The first letter of the model designator reveals the engine series:
G - Servicar three wheeler, 1932 to 1972
E - Overhead valve 61 cubic inch "big twin" (Engine/trans separated)
F - Overhead valve 74 or 80 cubic inch "big twin"
K - Side valve 45 and 55
cubic inch sports bike that replaced the WL in 1953 and was replaced by the sportster in 1957. It had many design features that were carried over to the Sportster.
U - Side valve 74 or 80 cubic inch "big twin"
V - Side valve 74 cubic inch made prior to 1936
W - Side valve 45 cubic inch made 1934 to 1952
X - Sports and special construction. Applied to 1918-1922 opposed twin Sport, 1944 military opposed twin, and
1957 to present Sportster.
There were others, such as the J series (a very nice looking bike that was about the hottest thing around in the 20's) but you're not likely to see them in daily use anymore.
L - high compression. Omitted on low compression early models, and not indicative of compression on current models.
Remaning characters: Model descriptions, eg WG - Wide Glide. Some
A - Military (Army) version (except GA, Servicar without tow bar)
B - Battery start (early models), Belt drive (some later models).
C - Classic, Competition, Custom, various others meanings.
D - Dyna, the newest frame and engine mount design.
E - Electric start
F - Foot shift (when the standard was hand-shift)
H - varied between High performance and Heavy duty. The early FLH for example
produced 5 more HP than the FL and was used primarily for touring and sidecar applications.
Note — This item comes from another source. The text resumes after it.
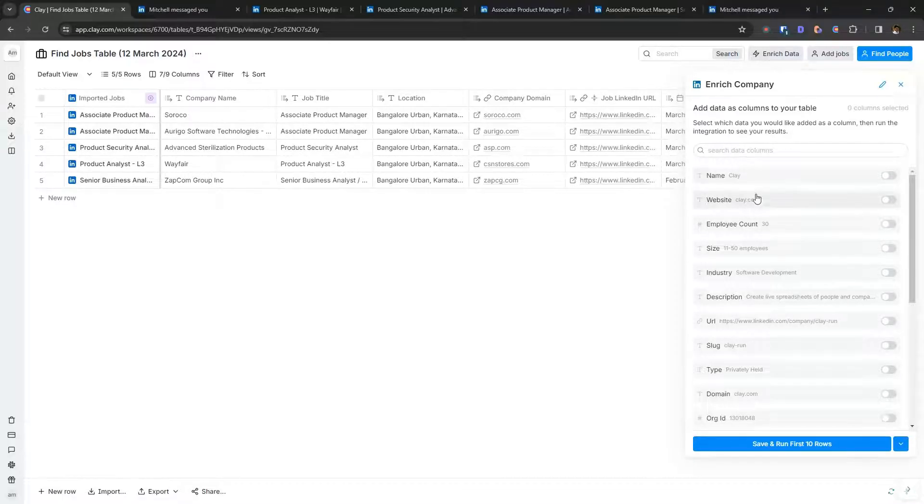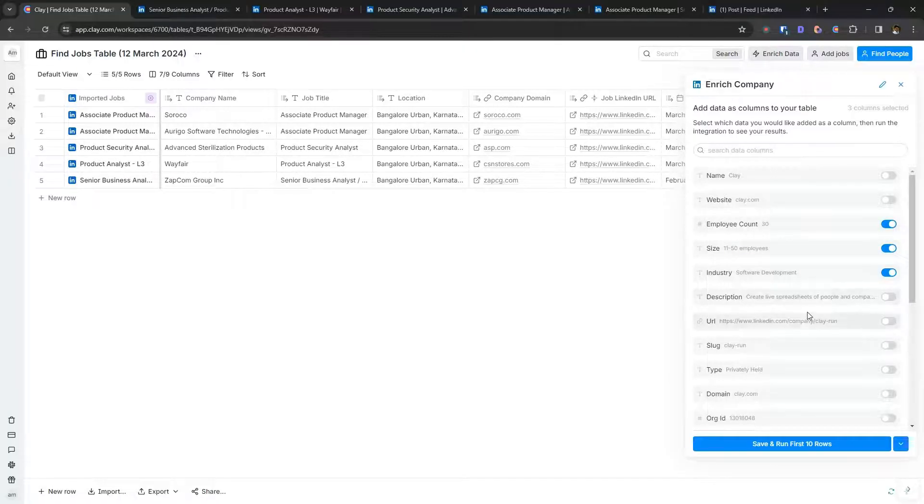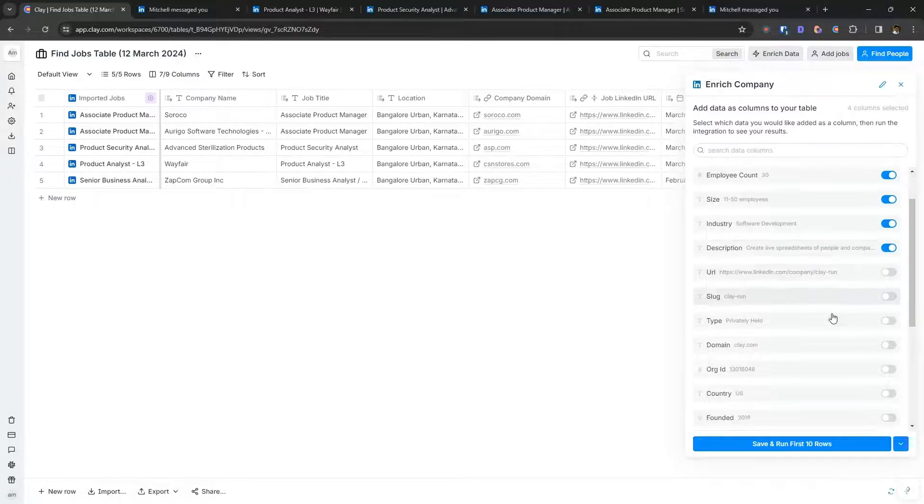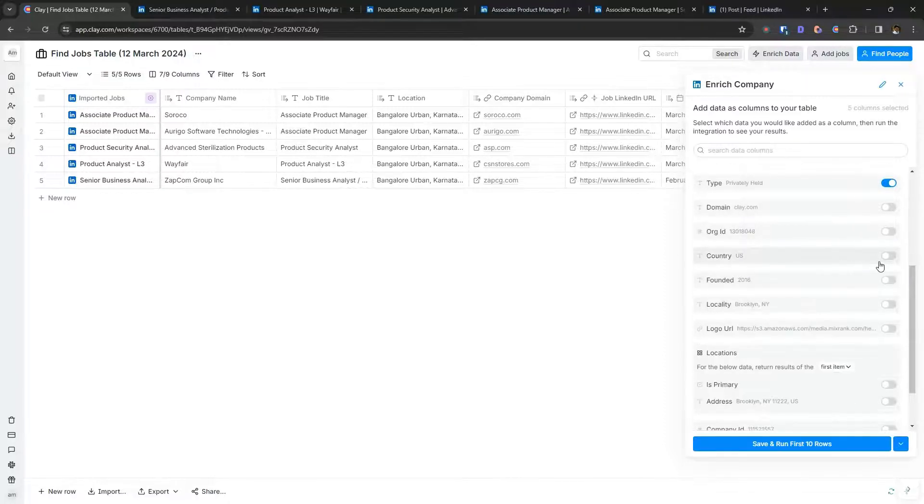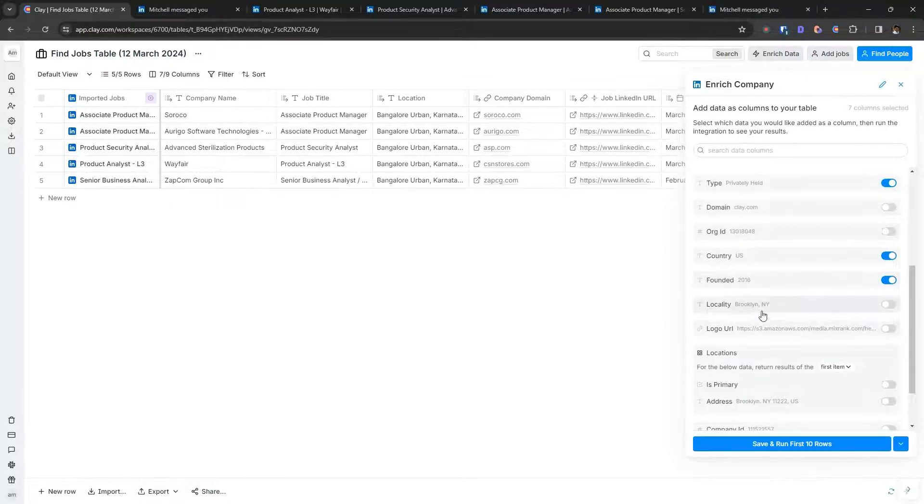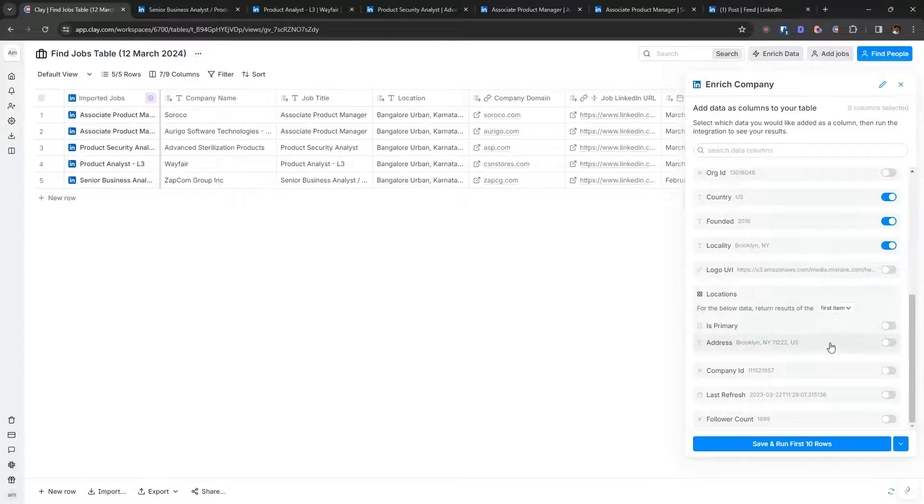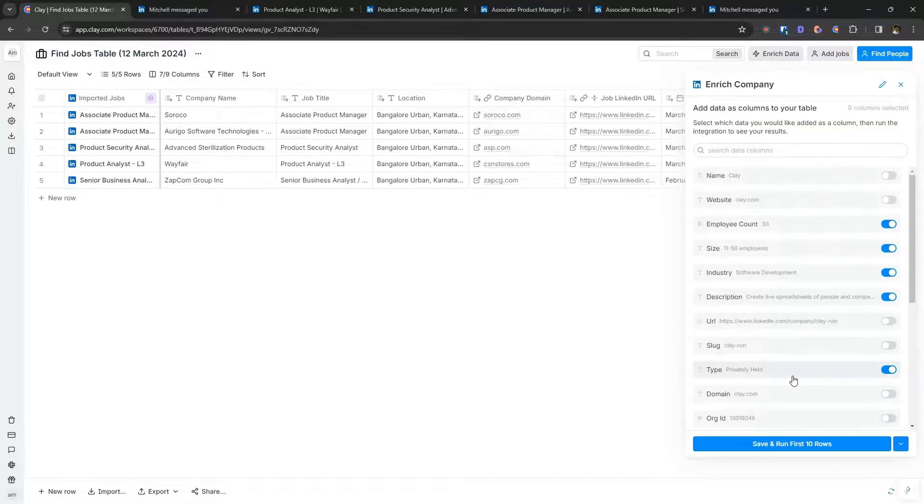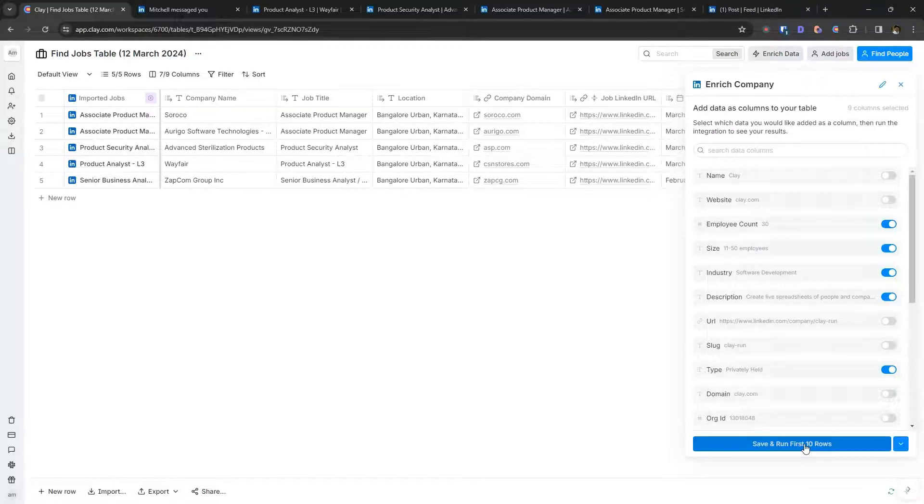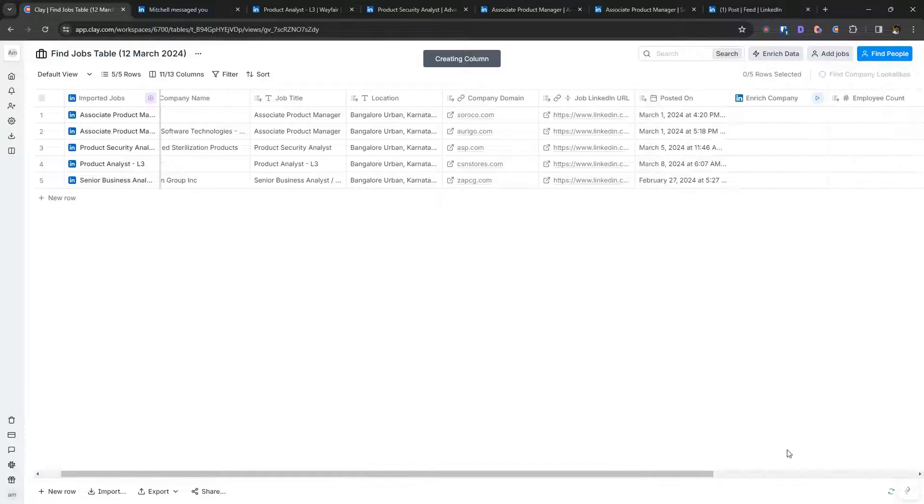So for example, I already have name, a website, employee count is useful, size is useful, industry is useful, description. Yes. Type. Then country. Founded. Locality. I can pull in things like locations and things like that and then follower count. So any data points that will help me vet the company, I can pull that information. So let me run this.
LR- Low Rider (though many Low Riders don't include LR in the model ID)
P - Police version
R - Rubber mounted
engine (some models) racing version (other models) e.g. the FXR is a lowrider with rubber mounted engine, WLR is the flat track racer that was very hard to beat in the 30's, 40's, and 50's.
ST- Soft Tail
(without following T) Sports version eg FLHS is an FLHT without the touring package.